Rathdowney-Errill's route to the final has also been a tough one, and that will stand them in good stead. They have played Camross three times, and beaten Abbeyleix as well as reigning champions Clough-Ballacolla, so they have been put to the pin of their collar in every games.
On the other side, Borris-Kilcotton have found things equally as difficult. The four games against Ballinakill Gaels will have been a big test mentally. To keep meeting the same side isn't easy, especially when the games were real closely fought encounters.
Borris-Kilcotton have been plugging away in recent years trying to get that elusive first SHC title, and after the experience of losing in 2013, they are that bit better equipped this year.
While Scully's loss is massive, Daire Quinlan or Aaron Dunphy can deputise on free-taking, while it leaves the stage free for someone else to be the talisman. Neil Foyle seems the obvious candidate, but a year being moved around a variety of positions for club and county hasn't helped him. Foyle is still a player spoken about in terms of potential, and it is up to him to show exactly how good he is capable of being. With his size and skill he could write himself into Borris-Kilcotton history this Sunday if he hits form, but he has yet to do it this year.
Joe Campion's return from America was a welcome boost, and he has been impressive so far, scoring 2-9 in four games, all from play. Another big game is needed from him.
At the back, they have been very impressive, especially considering they do not have a recognised full-back. Stephen Finan has been drafted in to fill the position, but he is more at home on the wings, and it remains to be seen who they detail to pick up Ross King. Brian Stapleton has reportedly been nursing a hamstring injury in training, so an hour trying to keep tabs on Ross King could be a difficult proposition.
To that end, Finan seems the most likely to be given the man-marking job, and he will have his work cut out for him. King has been slowly working himself back into form this year, and he has proven over the years that he enjoys playing in finals. He is big-game player, and it will take a big performance to keep him on the periphery of things.
Borris-Kilcotton, like Rathdowney-Errill, have shown an inability to kill off games, and the saga with Ballinakill Gaels showed that. If they get themselves ahead of Rathdowney-Errill they will have to make the most of it, and if they kill them off if and when they get the chance, they will almost certainly regret it.
While Rathdowney-Errill enter the game as favourites, games between the teams have been closely run affairs in recent years. Last year, they drew in the championship before Borris-Kilcotton won the replay by a point. This year, there was just one point between the teams in the league semi-final.
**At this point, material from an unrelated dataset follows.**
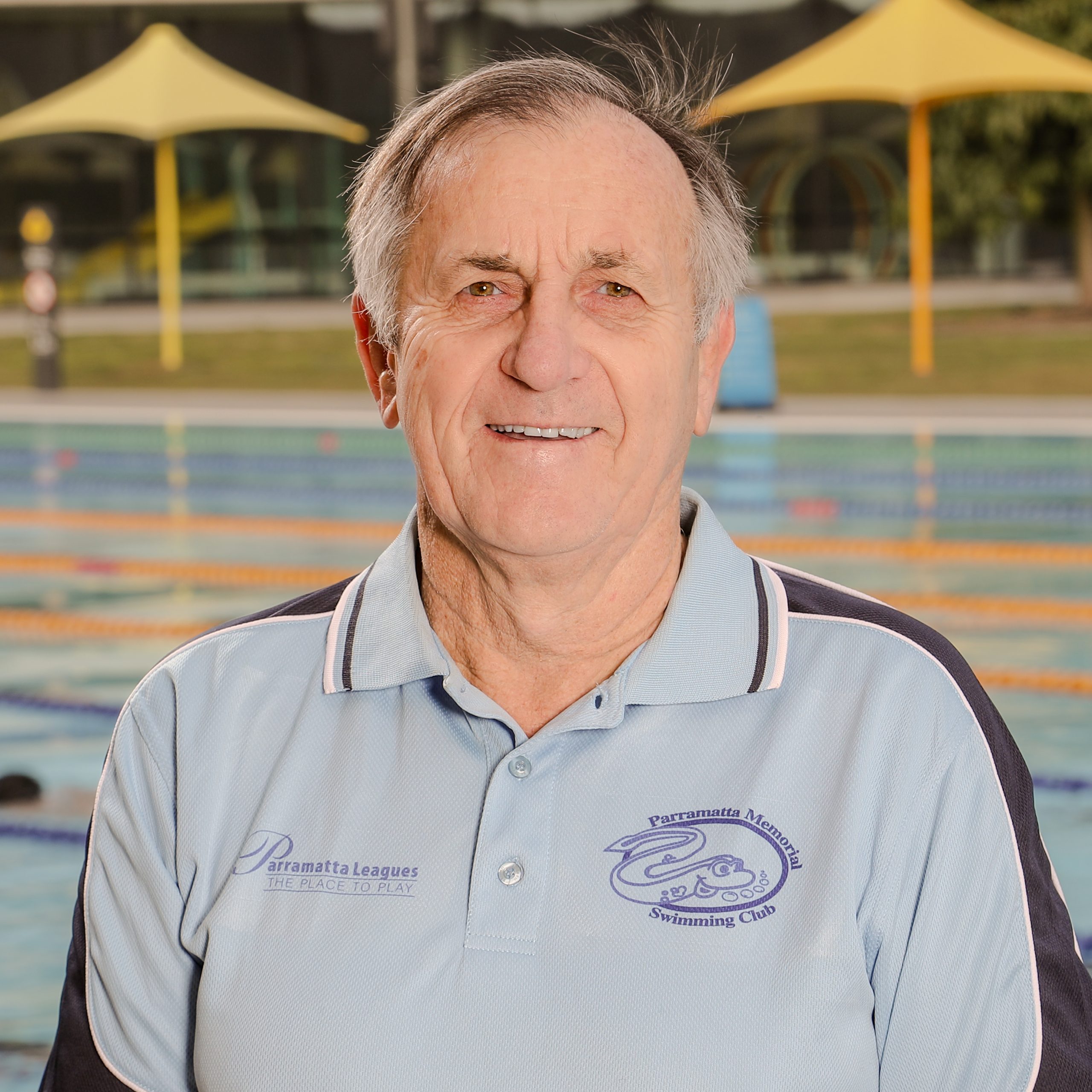 Image of Fred Mills, Swim Coach of the Parramatta Memorial Swim Club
The caveat for those games, however, is that PJ Scully was playing in them for Borris-Kilcotton, and he contributed the bulk of their scores.
With Scully gone, and Phelan a huge doubt, it really is hard to look beyond Rathdowney-Errill. They are used to winning big games like this, they are coming into form at the right time and they are picking from a more or less full deck.
In many respects it would be great to see Borris-Kilcotton get the win. It would be their first since amalgamating, it puts a new name on the Bob O'Keeffe Cup and it just heightens the level of competition in an already very competitive championship.
As things stand, however, there are too many things falling in Rathdowney-Errill's favour to look beyond them as eventual winners. Games between these teams have been close in recent years, but Rathdowney-Errill should have the firepower to notch up another SHC title.